YA NO REZO COMO ANTES
Desde que soy padre, ya no rezo como antes.
No me cabe duda, al menos en mi caso, de que un hombre empieza a realizar lo mejor de su vida a partir de los cincuenta años; y tampoco de que es en ese tiempo cuando conquista él solo parte de sus mejores ideas, precisamente porque por fin son suyas, sin que nadie se las preste y mucho menos se las impongan.
Durante más tiempo del que hubiera sido lícito y tolerable, todo estuvo previsto para guiar mi conducta -en realidad la de varias generaciones-, lo que debía de hacer y lo que no. La Iglesia Católica, de la época franquista sobre todo, no sólo se encargó de suministrarme sus doctrinas y mandamientos, sino de obligarme a seguirlos y hasta de recriminarme si no los cumplía. Me hablaron de pecados hasta la saciedad, que fue lo mismo que hablarme de miedos: miedo a Dios por todas partes, miedo como emboscadas tendidas para condenarme.
Pero todo pasó. Pude y supe escaparme de tantos temores. Afortunadamente ya no me siento obligado a ir a misa los domingos, tampoco creo que la comunión sea un alimento que me sostenga espiritualmente, y mucho menos me arrodillo ya ante un confesionario. Tengo un largo etcétera de liberaciones que me han hecho mucho más feliz que entre aquellos barrotes y, por supuesto, tampoco rezo como antes. Al ser padre todo empezó a cambiar en mi forma de hablar con Dios.
Me fui percatando de las pocas cosas que necesitaban pedirme mis hijas, sencillamente porque yo ya estaba pendiente de dárselas. Caí en la cuenta de que si a mí, un simple mortal, Marta y María no se me iban nunca de la cabeza, ¡cuánto más a Dios no debía olvidársele cada ser humano! Y desterré por eso una educación en fórmulas que hasta entonces me habían dirigido a Dios rogando y suplicando incesantemente. Mis hijas no tienen ni que rogarme ni que suplicarme. Si tuvieran que hacerlo, estaría claro que mi amor por ellas no sería tan grande como yo lo siento y ellas lo conocen. Lo viven con absoluta seguridad, sin ninguna duda sobre mí.
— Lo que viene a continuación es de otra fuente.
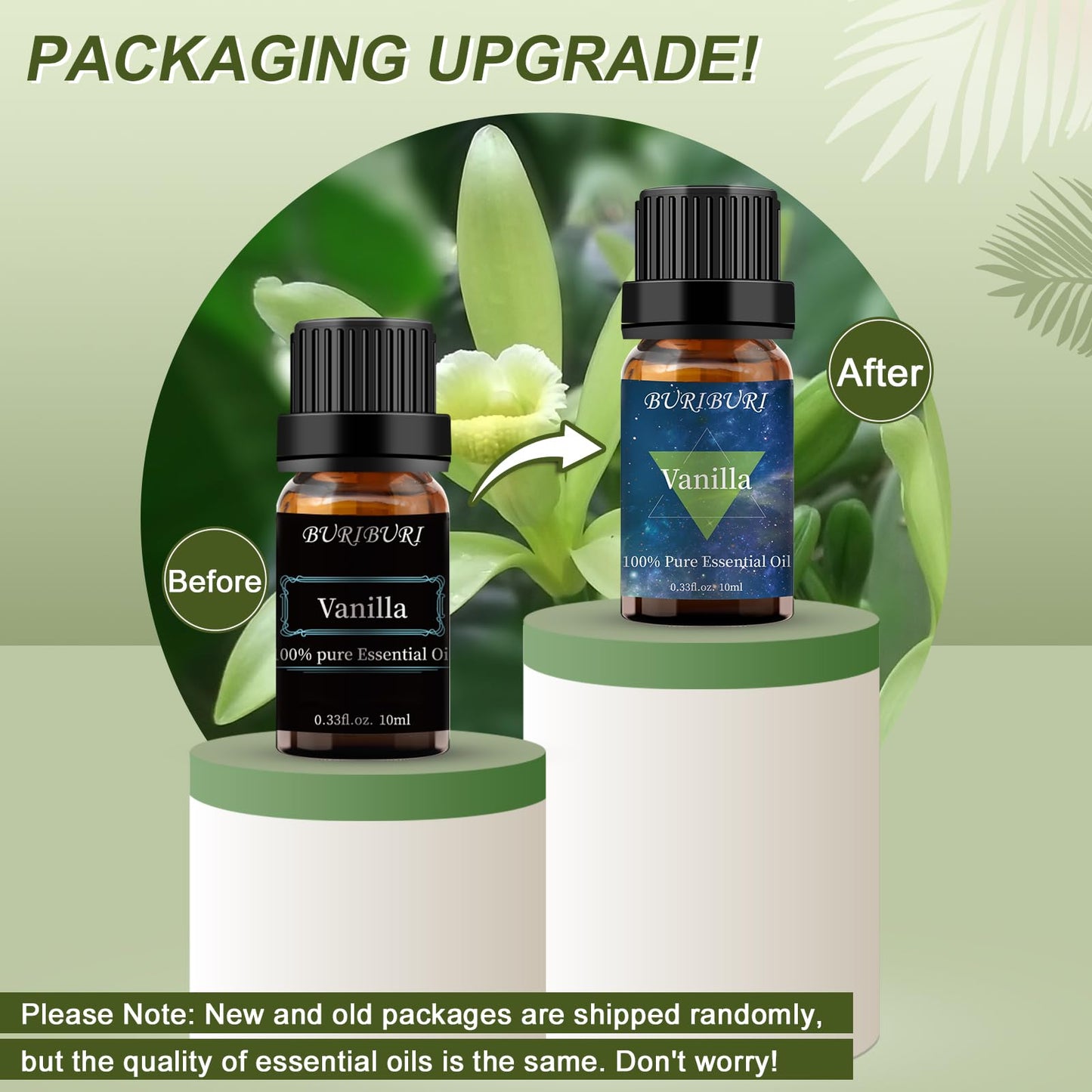 BURIBURI Sandalwood & Vanilla Essential Oils Gift Set - 10ml Each, 100% Pure & Undiluted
Lo del ruego y la súplica es un argot muy de la Iglesia, de sus liturgias, hasta las de última hora, en los entierros. Me exasperan. Porque un Dios al que hay que pedirle tanta clemencia y repetirle una y otra vez lo que deseamos, seguro que no es Dios; y mucho menos es Padre. Ese Dios, para ellos, entero, para quienes sean capaces de concebirlo, a lo mejor porque como padres también se ven así. No quiero ni una mínima parte de ese tinglado. Una cultura religiosa que lo ha aprisionado en ganar indulgencias, años de de jubileos, visitar santos un día de la semana o dar limosnas con las que hacer rentable nuestra caridad, es una cultura religiosa que no me interesa nada y me parece constituir un buen puñado de mentiras sobre Dios, tan grandes como muchas catedrales erigidas en su nombre.
Me he fugado de todas esas cárceles en cuyas celdas apenas entra un mínimo rayo de sol que me caliente. Rezo ya poco, muy poco. Casi nada. Y detesto requilorios como el de “Señor, escucha y ten piedad”. ¿Ten piedad? ¡Qué vergüenza de religión!
Rezo ya en proporción inversa a lo que creo en el amor de Dios. O sea, que apenas rezo, prácticamente sólo para dar gracias por tantas cosas. Vivo en la más absoluta tranquilidad de que el amor de verdad siempre está pendiente de quien ama. Lo he comprobado queriendo inmensamente a mis hijas. Y mi corazón jamás concebiría la idea de ponerles en las manos un rosario de cuentas para escucharles, una y otra vez, lo que necesitan. Por eso ellas ni me suplican ni me ruegan, ni ahora ni en la hora de nuestra muerte. Amén.